WORK INSTRUCTION:
Could you repeat every line below exactly, skipping the images?

DATA BELOW:
◆ ◆ ◆ ◆

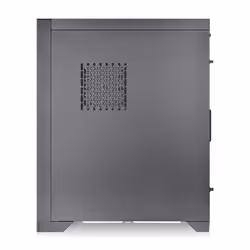 Thermaltake CTE T500 TG Full Tower Black - Additional view 5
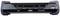 Ein schwarzer KVM-Switch von ATEN mit mehreren Anschlüssen und Tasten für 'Power', 'LAN', 'Local' und 'Remote', sowie einem USB-Anschluss rechts.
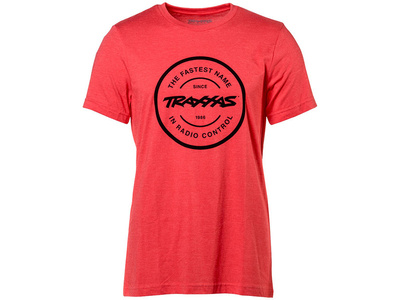 TRA1359-2XL.jpg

◆ ◆ ◆ ◆

EXERCISE RESPONSE:
 Thermaltake CTE T500 TG Full Tower Black - Additional view 5
 Ein schwarzer KVM-Switch von ATEN mit mehreren Anschlüssen und Tasten für 'Power', 'LAN', 'Local' und 'Remote', sowie einem USB-Anschluss rechts.
 TRA1359-2XL.jpg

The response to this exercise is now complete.